> How to complete this task
Transcribe the records verbatim, images excluded.

> Exercise inputs

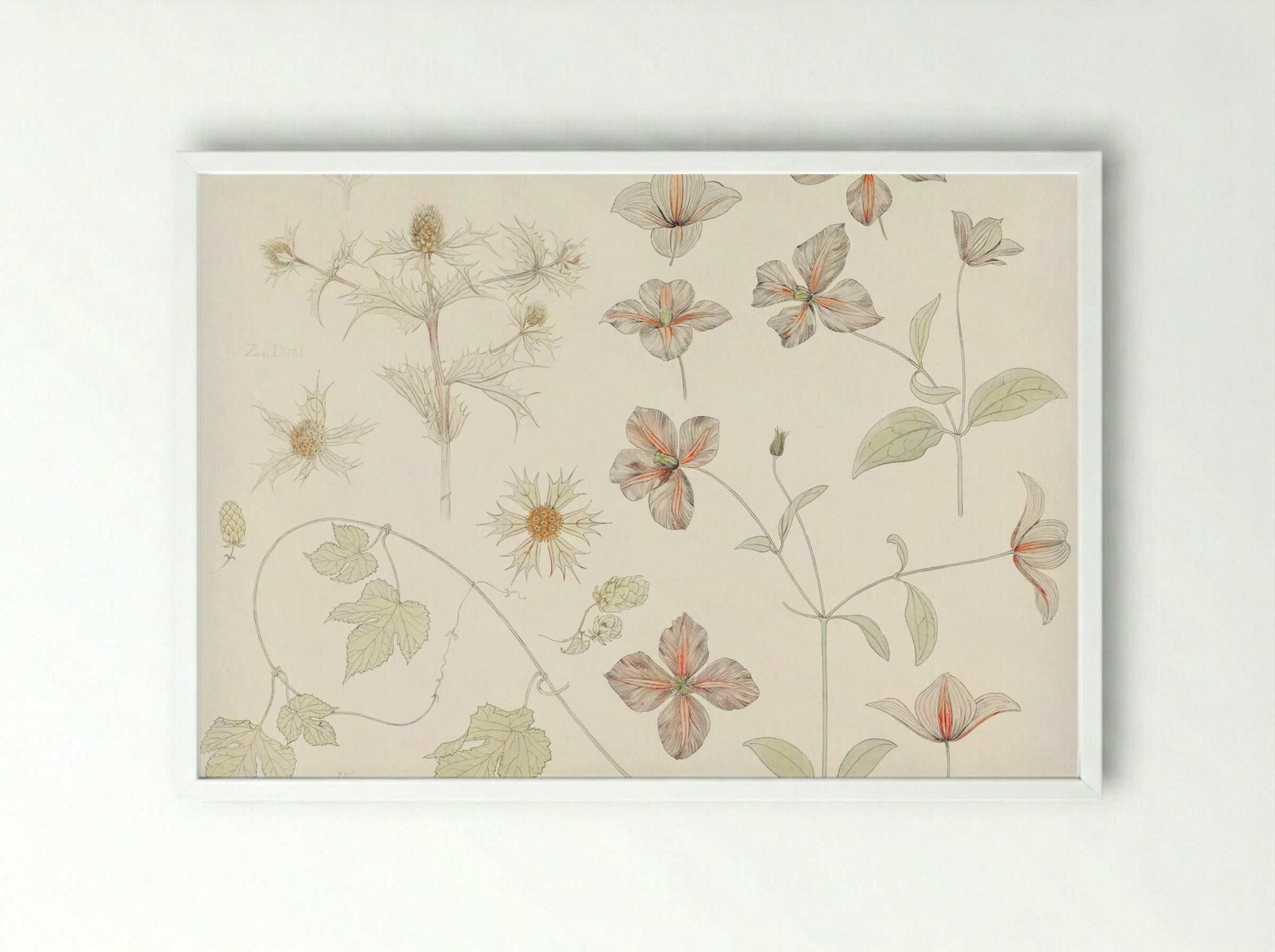 Study Sheet with Sea Thistle, Hop and Clematis - Julie de Graag - Framed Print White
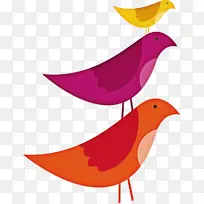 鸟 橙色 喙-空若网 鸟 橙色 喙-空若网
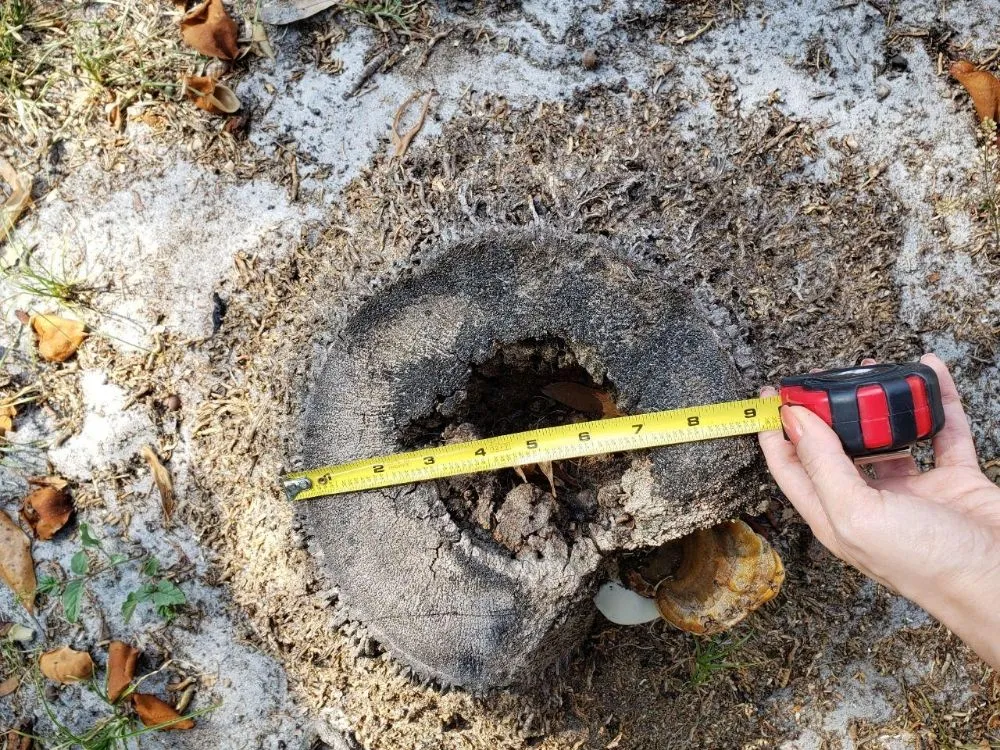 Reliable outdoor landscaping experts serving DeLand, FL - Meyer's all in one complete contracting service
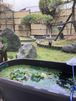デイサービス 道しるべ 介護職・ヘルパー（シフト制）（パート・アルバイト）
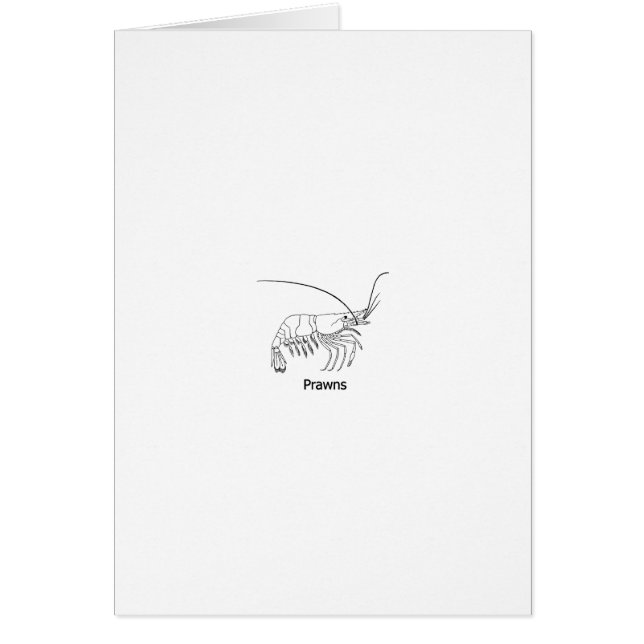 Garnelen-Logo (Vorne)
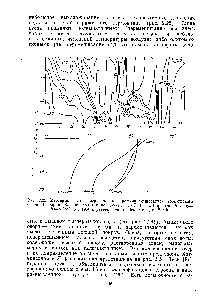 Рис. 2.25. Изотермы (°С) и вертикальные профили температуры тропического озера Виктория. Воспроизводится по данным из J. F. Talling, Int. Rev. ges.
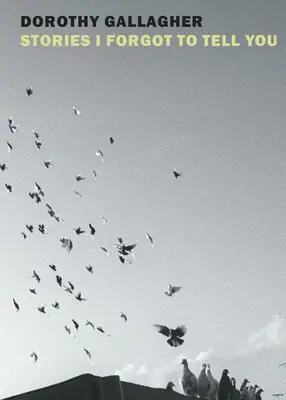Le storie che ho dimenticato di raccontarti - Stories I Forgot to Tell You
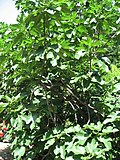 Profile Picture of Parable of the Budding Fig Treeon Wikipedia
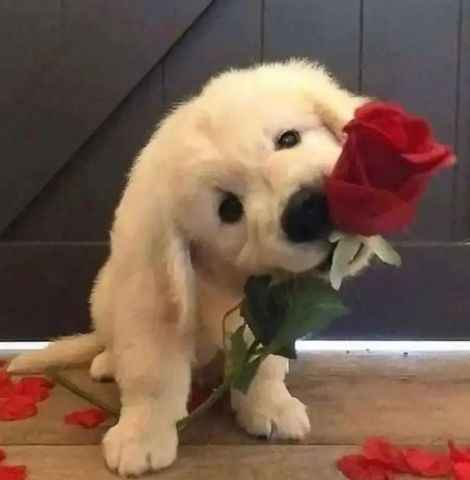 Familienfreundliche Golden Retriever Welpen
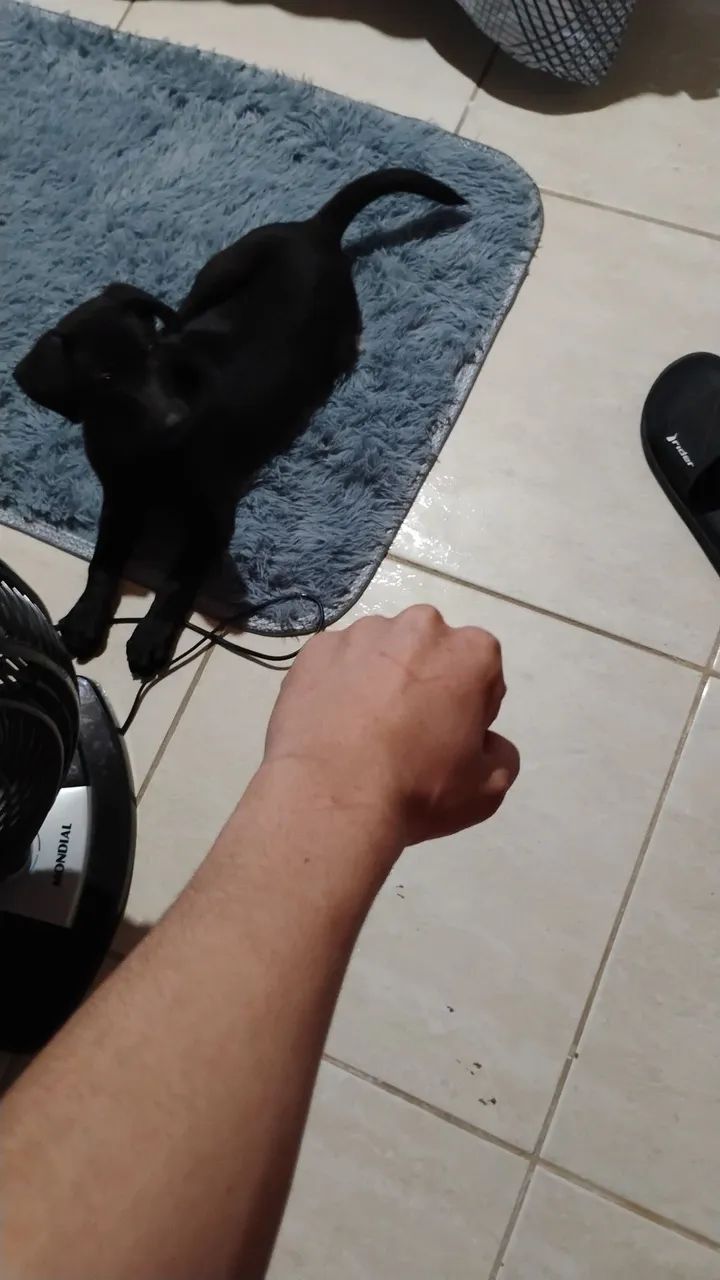 Cachorro  - Foto 5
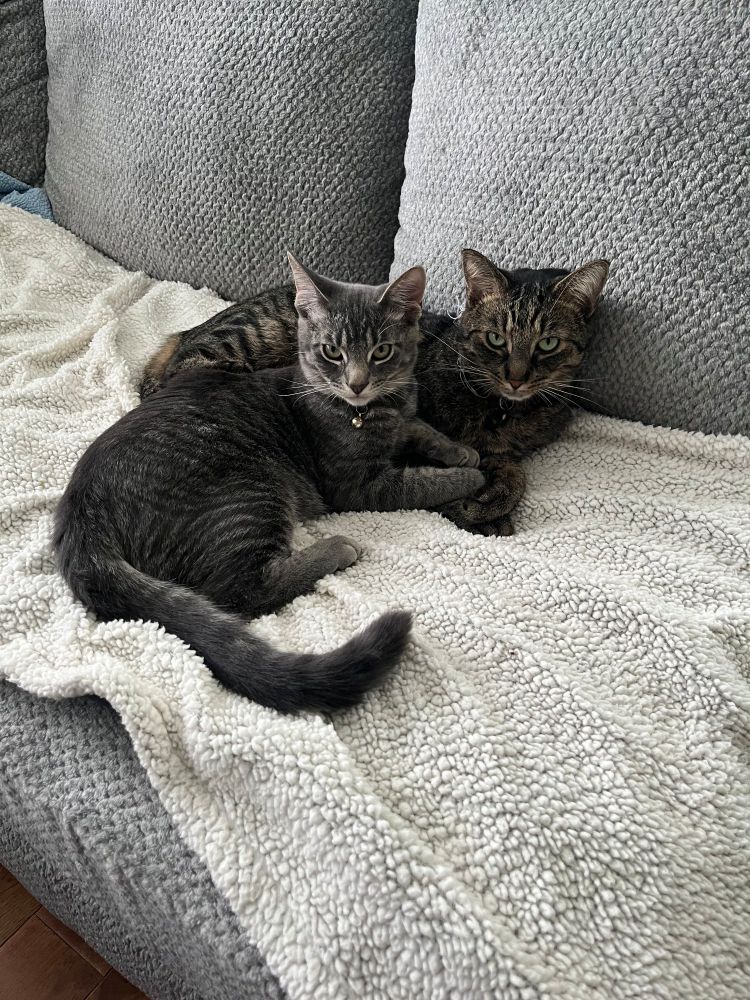 A small diva and his giant buff bf 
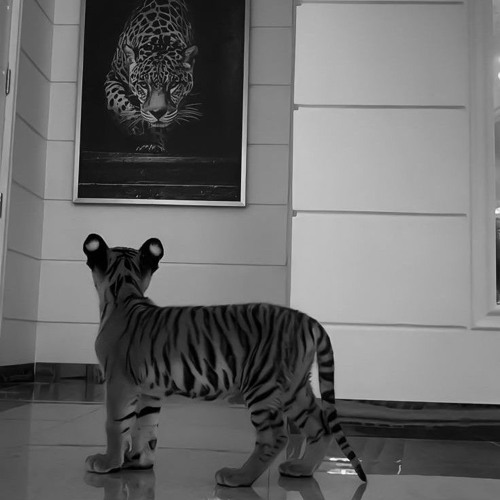 Los Últimos Serán Los Primeros⚡🐉- Special Set 🇻🇪 (Albert David)⚜️☢️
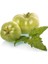 Turşuluk Yeşil Domates İznik 1 kg 1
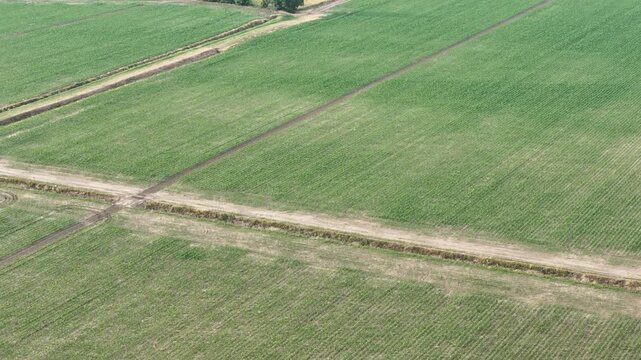 Large maize field with straight rows and intersecting dirt paths, illustrating the scale and geometry of modern crop cultivation in the countryside during the growing season, slow motion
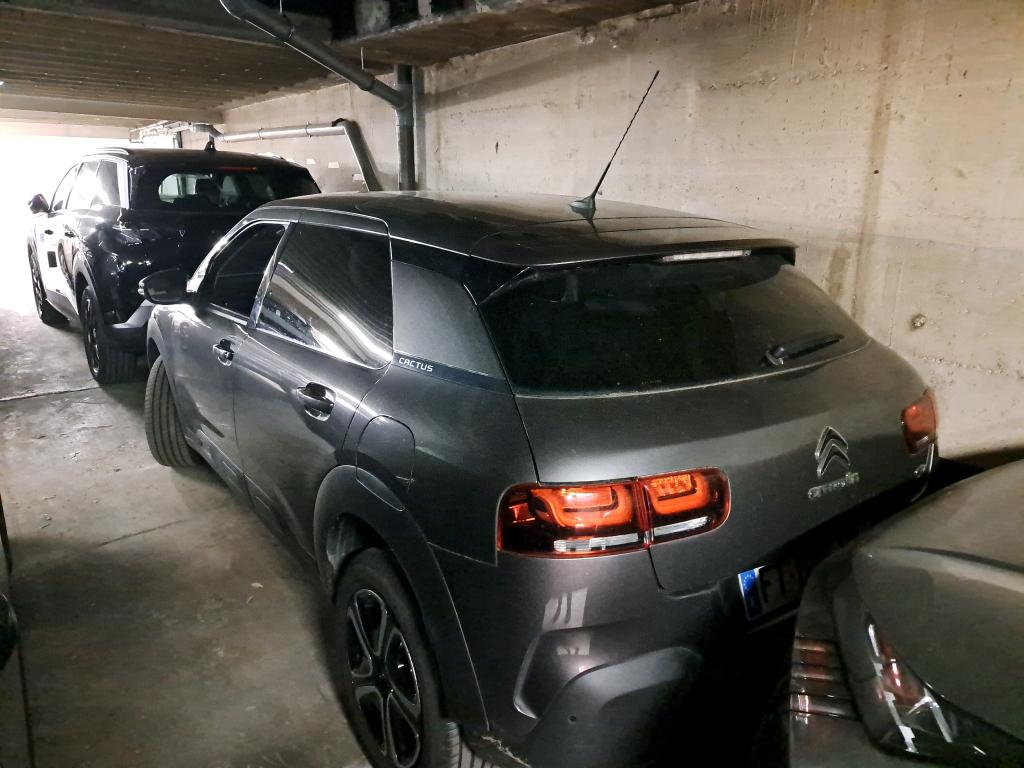 Citroen C4 Cactus PureTech 110 S&S BVM6 Feel Business 2020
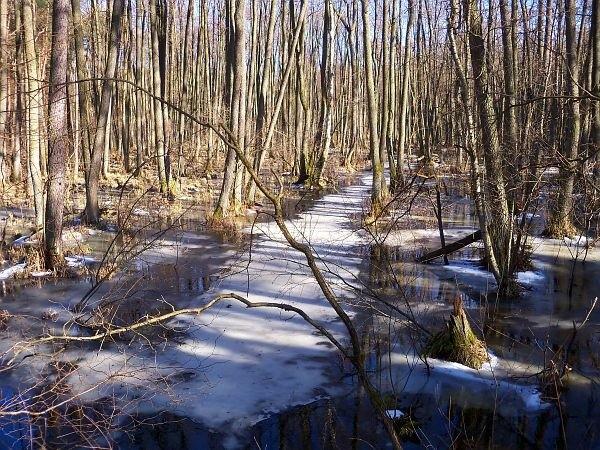 Wilcza Struga nieco szersza niż zwykle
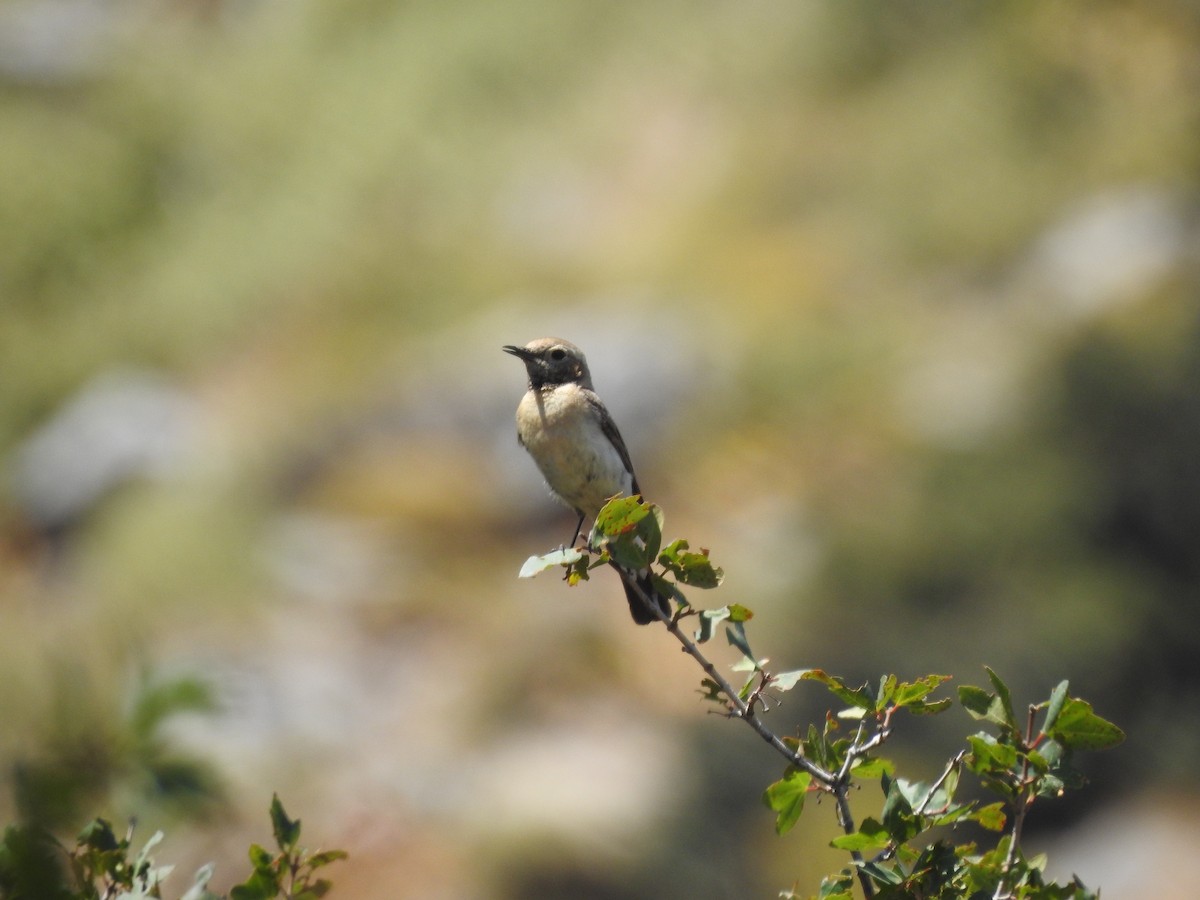 Eastern Black-eared Wheatear - ML638453197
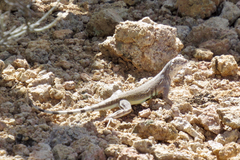 Callisaurus draconoides ventralis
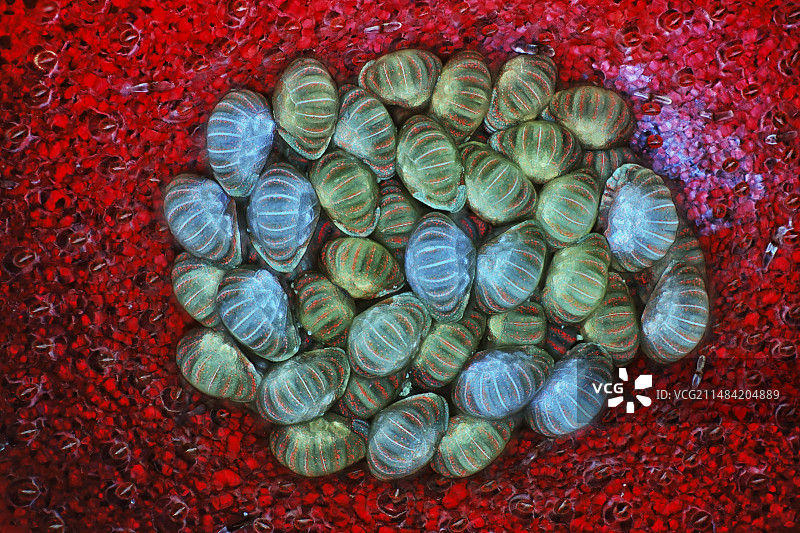 蕨类植物孢子囊群和孢子盒，荧光显微照片图片素材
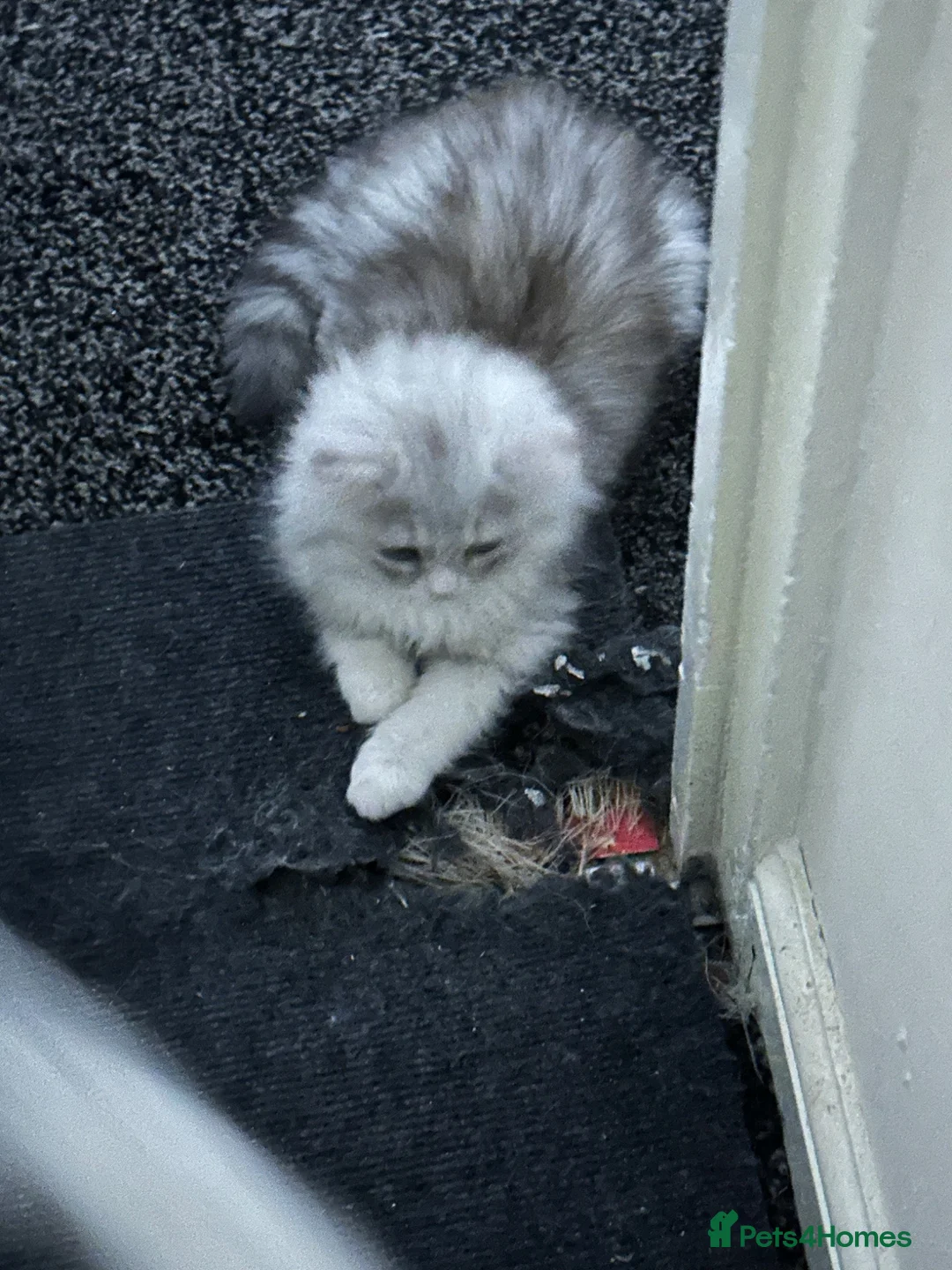 Persian cats for sale: Pure Persian  - Advert 2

> Written response
 Study Sheet with Sea Thistle, Hop and Clematis - Julie de Graag - Framed Print White
 鸟 橙色 喙-空若网 鸟 橙色 喙-空若网
 Reliable outdoor landscaping experts serving DeLand, FL - Meyer's all in one complete contracting service
デイサービス 道しるべ 介護職・ヘルパー（シフト制）（パート・アルバイト）
 Garnelen-Logo (Vorne)
 Рис. 2.25. Изотермы (°С) и вертикальные профили температуры тропического озера Виктория. Воспроизводится по данным из J. F. Talling, Int. Rev. ges.
Le storie che ho dimenticato di raccontarti - Stories I Forgot to Tell You
 Profile Picture of Parable of the Budding Fig Treeon Wikipedia
 Familienfreundliche Golden Retriever Welpen
 Cachorro  - Foto 5
 A small diva and his giant buff bf 
 Los Últimos Serán Los Primeros⚡🐉- Special Set 🇻🇪 (Albert David)⚜️☢️
 Turşuluk Yeşil Domates İznik 1 kg 1
 Large maize field with straight rows and intersecting dirt paths, illustrating the scale and geometry of modern crop cultivation in the countryside during the growing season, slow motion
 Citroen C4 Cactus PureTech 110 S&S BVM6 Feel Business 2020
 Wilcza Struga nieco szersza niż zwykle
 Eastern Black-eared Wheatear - ML638453197
 Callisaurus draconoides ventralis
 蕨类植物孢子囊群和孢子盒，荧光显微照片图片素材
 Persian cats for sale: Pure Persian  - Advert 2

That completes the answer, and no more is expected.